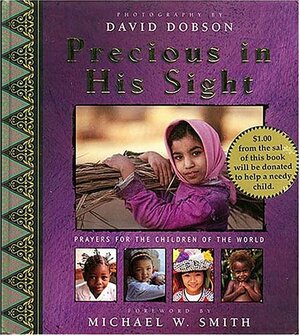 Precious in His Sight by David Dobson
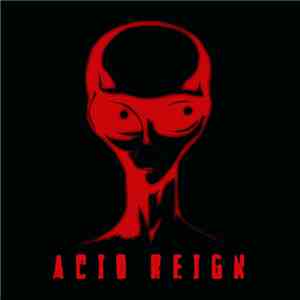 Alien Rain - Acid Reign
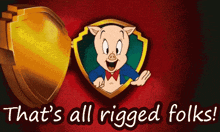 a picture of looney tunes with the words that 's all rigged folks below it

> [Task goal] Since the pictures are not part of the copy, transcribe only the remaining material, exactly.

> [Response to this exercise]
 Precious in His Sight by David Dobson
 Alien Rain - Acid Reign
 a picture of looney tunes with the words that 's all rigged folks below it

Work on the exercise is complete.